According to the Whitehorse Housing Adequacy Study completed by the Department of Health and Social Services, there are approximately 100 homeless people in Whitehorse. According to many respected, thorough, and very specific local, national and international reports, there is a solution that is well within the means of our small community.

From a human rights and social justice perspective, to a federal ultra-conservative money-saving endeavor, we have arrived at an unprecedented agreement: Housing people who are homeless, it turns out, is not only indisputably logical, it is in everyone’s interest. The agreed upon model is called Housing First.

But in Whitehorse, not only do we not house the homeless, we don’t want them to congregate by the riverfront (“By the riverfront with nowhere else to go”); sleep in the bush (“Yukon courts ban camping for the homeless”); or benefit from a drop-in centre (“Funding running out on ‘A Safe Place’ women’s program”).

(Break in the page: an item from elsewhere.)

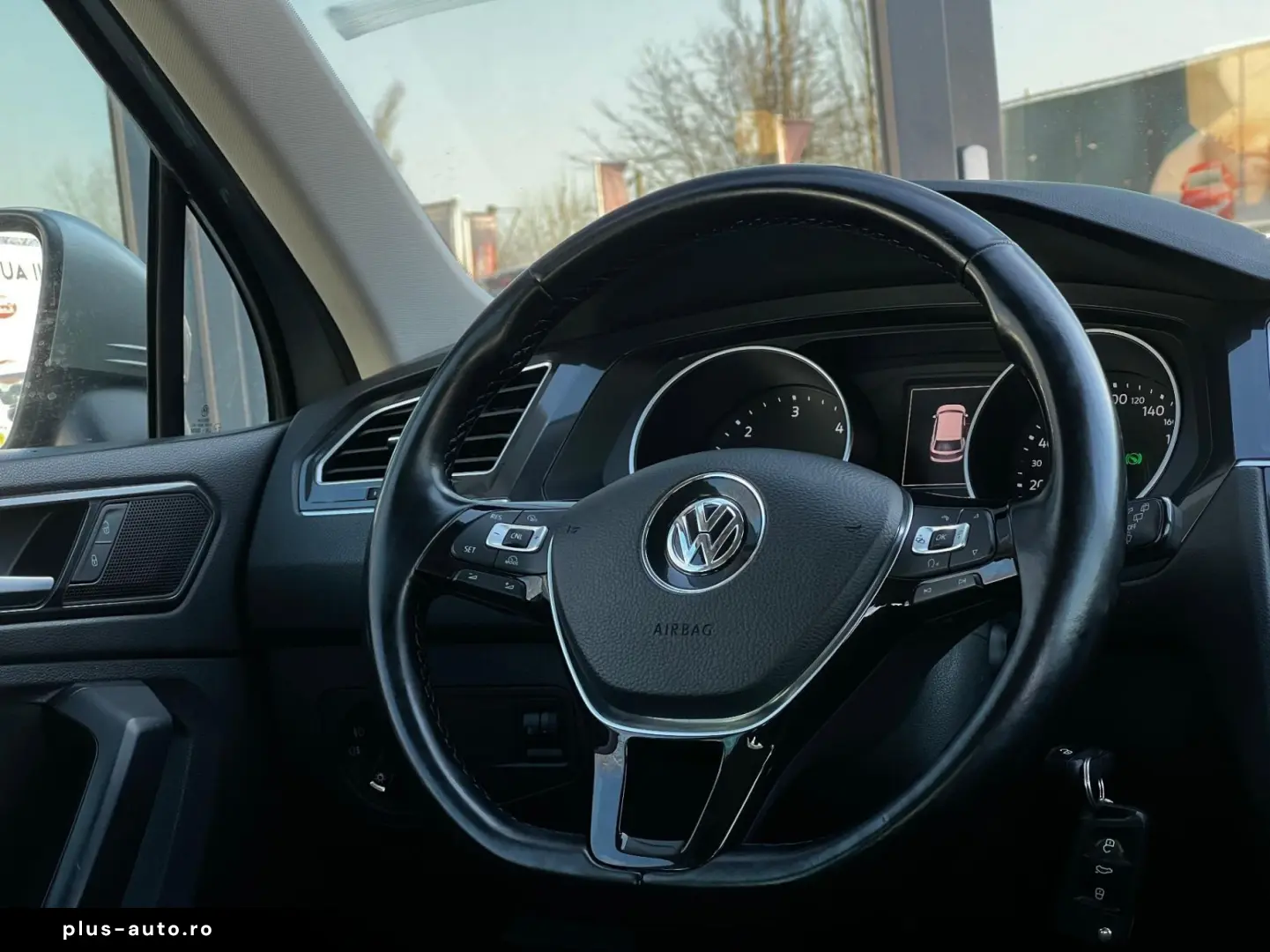 Volkswagen Tiguan Gen-Ii-2016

When I worked in Housing First projects, our primary goal was to house and stabilize people who were in severe and unrelenting crisis - those with astoundingly complex realities and life stories. The people I worked with had a lifetime of exposure to incomprehensible violence and trauma; severe and often untreated mental and physical illness; as well as chronic life-threatening (and sometimes life-saving) addictions. At its most basic, my job was to provide shelter for people who had been homeless for way too long.

And although we did case management - we worked to improve people’s holistic health, safety, resources and community involvement - that isn’t the part I remember the most. My most prominent memory is about connection - the moments shared with people who had no reason to ever trust another person again.

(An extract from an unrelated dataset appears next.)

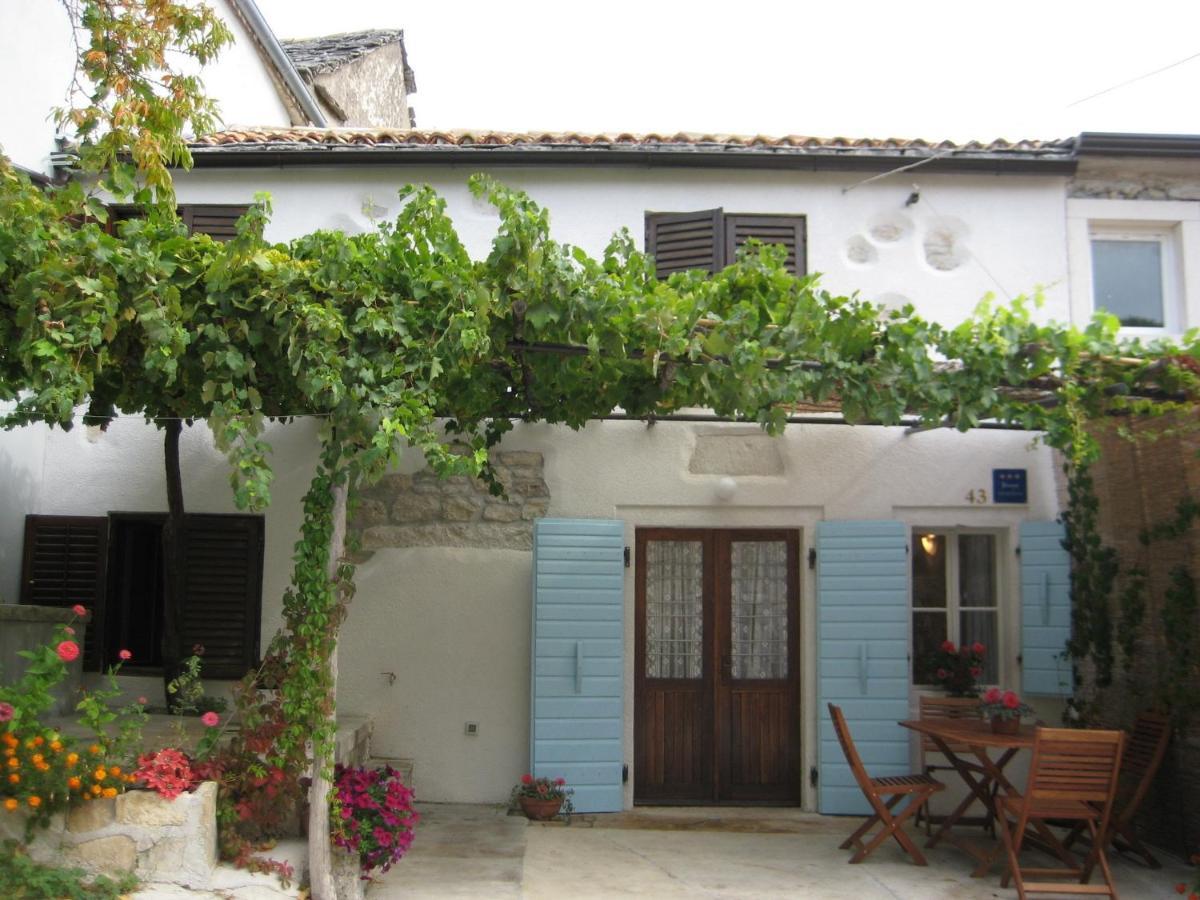 Holiday Home Trostova Kuca Pazin Room photo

Despite the challenges, housing the “hard to house” is not that hard. Actually, it is exquisitely simple. Housing First is about building relationships, providing basic human rights, security and dignity for all human beings. It is acceptance, love and respect - despite behaviour. It is contextualizing and honouring the strength and resiliency behind such behaviours. It is valuing people for who they are and what they’ve had to do to make it this far.

The simple beauty of the philosophy that guides the Housing First model is the understanding that people heal in their own time. It is also the evidence and working knowledge that people begin to stabilize and improve when their environment is on their side.

I am now an outreach worker on the streets of Whitehorse. I look for people who are homeless and scattered in hide-aways around the city. I don’t want to see anyone face another winter with nowhere else to go. It is the ultimate test of survival and people deserve better.

Winter is approaching and here we go again. Advocating for homes for the homeless, as just one example, warrants designation in a “special interest group.” But you see, this exclusive society the ex-communicated are expected to contribute to is inhospitable, and in its current state, not much to aspire to. It is time to redefine just what constitutes a social problem - a problem that needs to be fixed.

So in the meantime, I will embrace membership as part of a special interest group and hope the day will come when keeping people alive, sheltered and fed is not perceived as a “hand-out” or a “waste of taxpayer money.” I will hold onto the day when treating people with respect and dignity is not very special at all.

Dot Neuls is a member of the Yukon Anti-Poverty Coalition.